The 6 P’s of Uptown Bethesda
(adapted from Untamed by Deb and Alan Hirsch and influenced by my experiences)
Presence:
Being Present in any relationship is difficult. Presence is possibly one of the key practices most ministers flake out on. It is easy to “do” ministry – but Presence requires you to “be”. Deb and Alan talk about Presence as really getting to know the people you are living amongst – their practices, culture, history etc. I would like to suggest a further degree that no doubt has been shaped by Henri Nouwen’s writings.
Choosing to be Present in your community means choosing to keep from putting up walls. Presence demands vulnerability and authenticity. You cannot truly connect with a mentally altered individual who has been the victim of sexual abuse since they could walk without choosing to be Present. The healing power of Jesus in engaged when we choose to be Present in the very sufferings of those we are living with – refusing to keep our “pastoral” composure; rather weeping with or standing firm in loving truth when lies are exploding in every sentence a person is speaking.
I like to think of Presence as keeping our eyes fully open in our relationships; refusing to break eye contact, no matter how painful and horrendous it gets.
It is difficult to explain the practical application of Presence in Uptown. I wonder if I struggle because it isn’t really something we do – but something we choose to be. Regardless, there are ways to push ourselves into opportunities to choose to be present. And, as Deb and Alan suggest – getting to know your community is it. I cannot tell you how many stories of child abuse I have heard from adult men and women suffering from mental illness. Receiving these stories in the moment is choosing Presence. Staying by Gidget’s side as she curses God in the middle of a church service because of the loss of those she loved and the abuse she experienced through her life – is choosing to be Present.
Warning – Presence results in the sharing of pain. Praise God.
Powerlessness:
I still do not have a clear understanding of how much power I have as a single, white, master degree holding ,American woman. But moving to Uptown has helped me see it a little more. I have no concern that the cops would ever consider questioning me for any of the many crimes that take place in my neighborhood, so I freely walk the streets and investigate crime scenes once the cops are on site. I even think my personality and communication skills give me considerable power in this community.
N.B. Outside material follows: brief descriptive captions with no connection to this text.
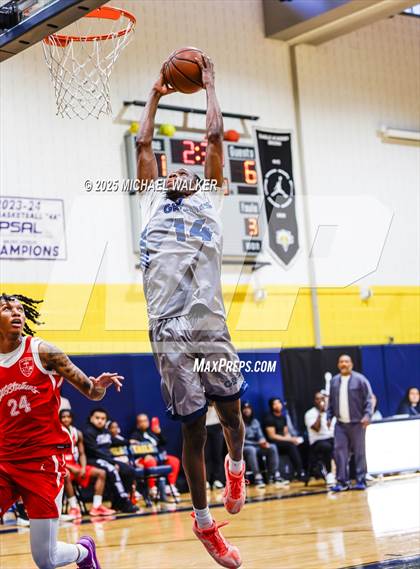 Thumbnail 3 in Stony Brook vs Crosstrainers Academy (City Is Mine Classic) photogallery.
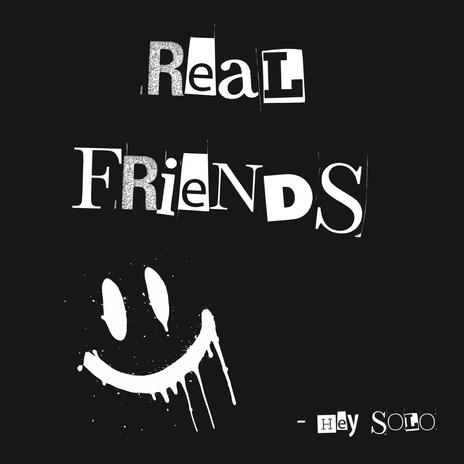 REAL FRIENDS DON'T GHOST U | Boomplay Music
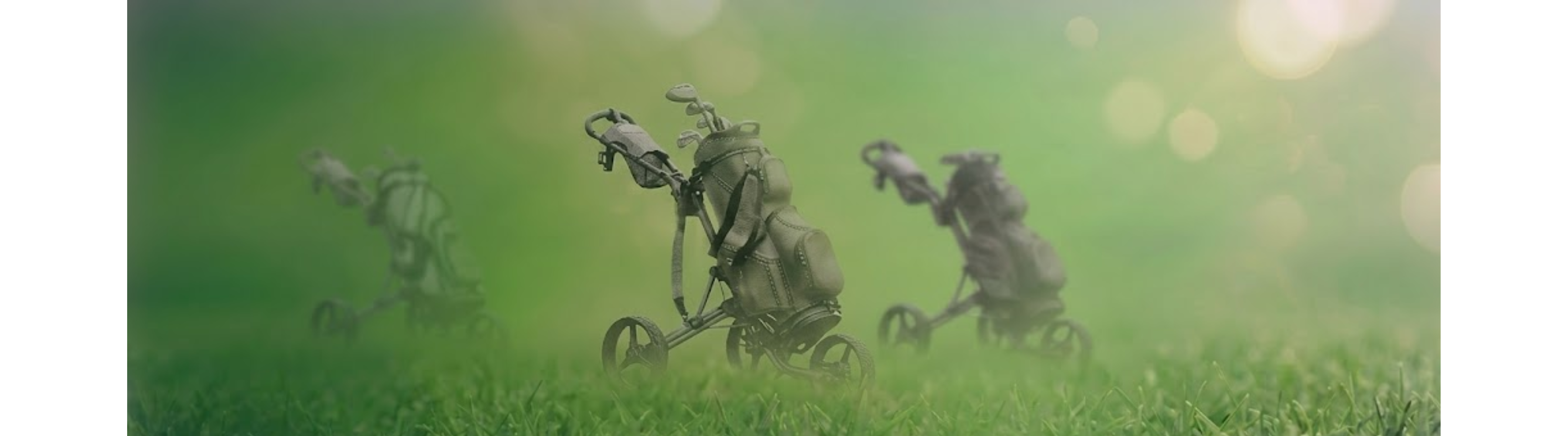 Accessoires chariots - Golf Passion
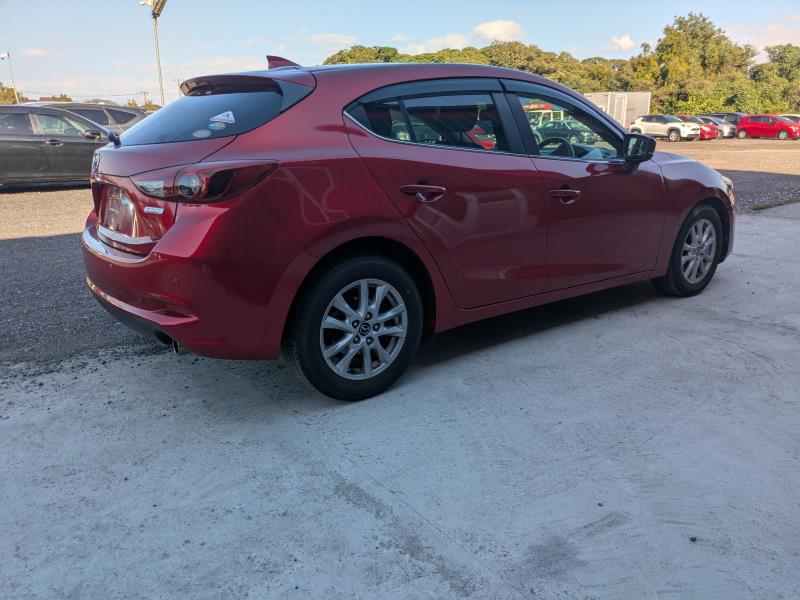 MAZDA AXELA SPORT 2019/3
Powerlessness is choosing to give up that power for the sake of the community. I love how Deb and Alan say it; “The great challenge for us is to recognize that to be weak, needy, and even powerless is part of the human condition, not something to be abhorred. When we give up our sense of power and control, we can truly become human in a way that conforms to the image of Christ.” The reality is, all the power we feel and experience is fragile if not fabricated for our own mental well being. The beauty of choosing powerlessness is that we can identify with those who have not made the choice but were born, raise or thrust into positions of powerlessness. By submitting ourselves, we are able to bring the Gospel in such a pure way. Why do I say pure?
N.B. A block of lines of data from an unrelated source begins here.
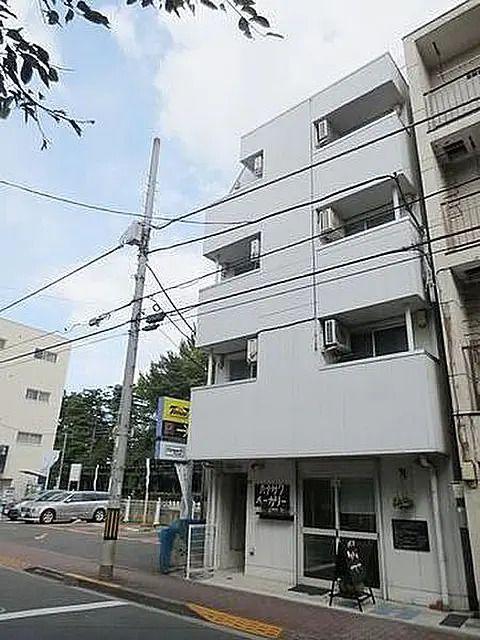 第二長縄ビル(ワンルーム/2階)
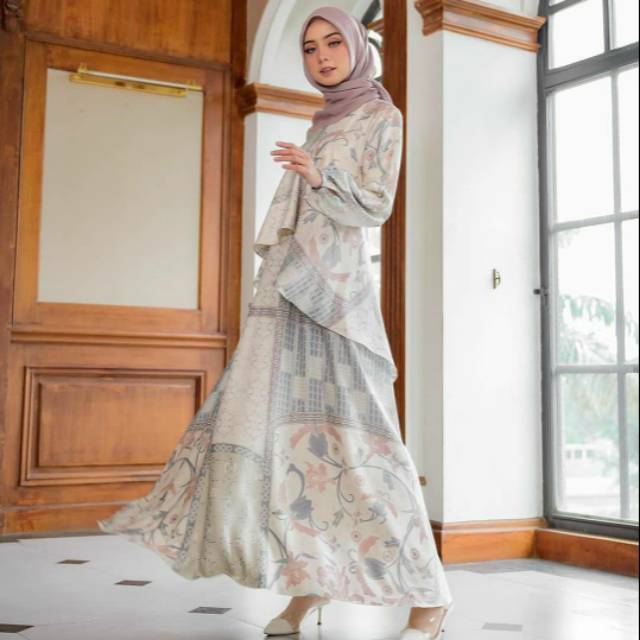Rumi DRESS SEASALT BY WEARINGKLAMBY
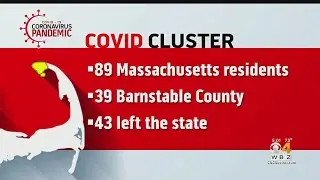 Provincetown Advisory Recommends Face Masks Indoors After COVID-19 Cases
Philipians 2:5-8 explains it.
5Your attitude should be the same as that of Christ Jesus:
6Who, being in very nature[a] God, did not consider equality with God something to be grasped,
7but made himself nothing, taking the very nature[b] of a servant, being made in human likeness.
8And being found in appearance as a man, he humbled himself and became obedient to death— even death on a cross!
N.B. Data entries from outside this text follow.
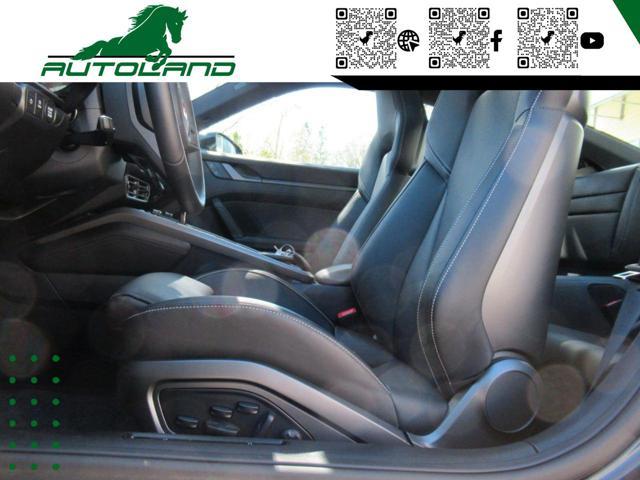 PORSCHE 911 Carrera*Mod2025-pelle-matrix-Finanz*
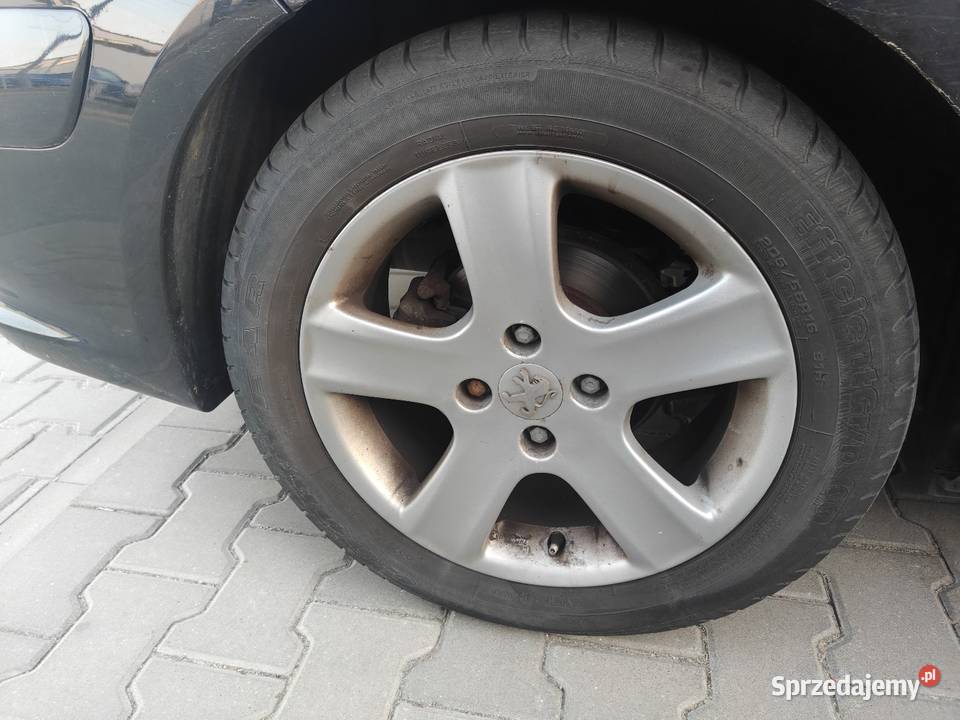 16 orginalne peugeot Bełchatów
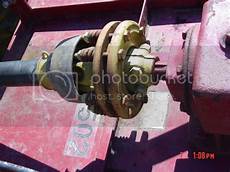 Two Drum Rotary Mower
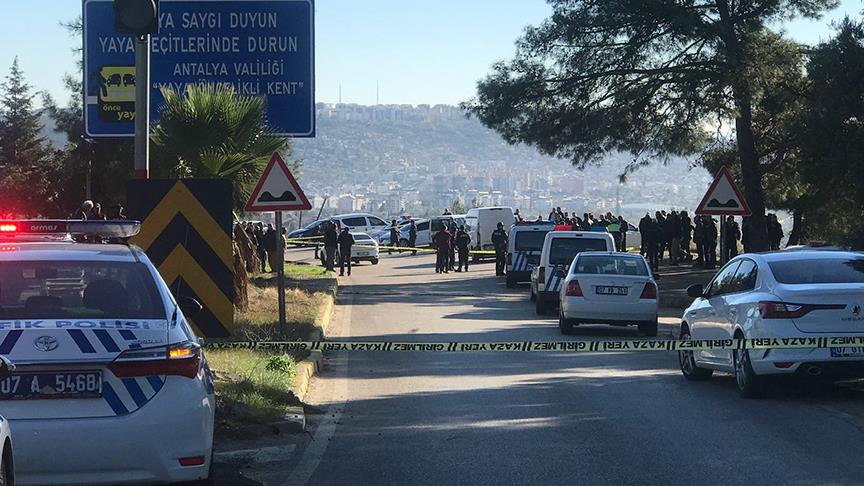 Antalya Emniyet Müdür Yardımcısı otomobilinde ölü bulundu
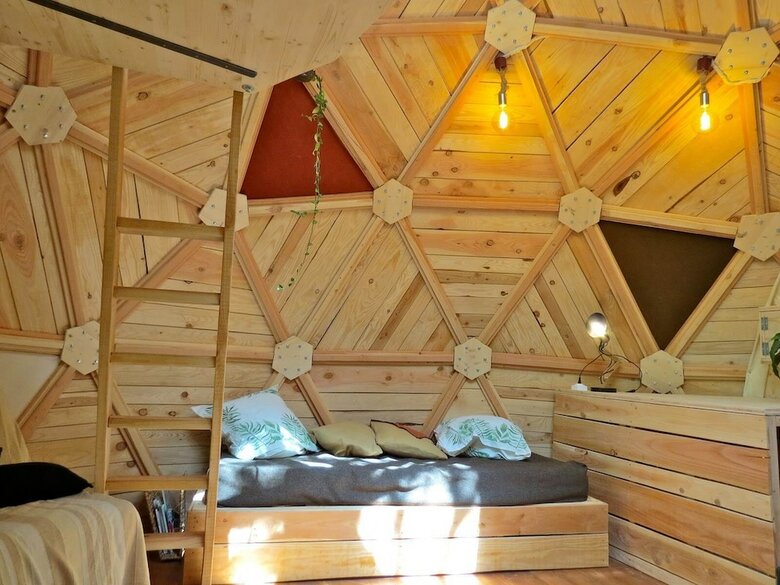 Cabana Les Ecureuils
Powerlessness is the decision Jesus made by becoming human, and it is necessary for us to live lives and incarnation ministers in our communities.
I have much to learn about what it means to give up power in Uptown, but one experience I have had has made me realize that I like my power a lot more than I thought. The first time I stood in line for a meal at a soup kitchen, I was overwhelmed with shame. It was like the Jr. High lunch room, only a whole lot worse. I did not need to be there. I had “good food” at home that I much preferred to this free stuff. The men in front of me and behind me were strangers, and this didn’t seem like the place to start a new friendship, not to mention dozens of eyes were looking at me, some knowing who I was others wondering how exactly I found myself in this line with them. It was humiliating. But that plate of food that I received allowed me to sit at a table with some of the most wonderful men and women in our country. That is why, week after week, I eat meals in these soup kitchens. Sitting at the dinner table is always an experience in community, and by making a choice to pull up a chair, I am attempting to awaken some identity back to the powerless of Uptown.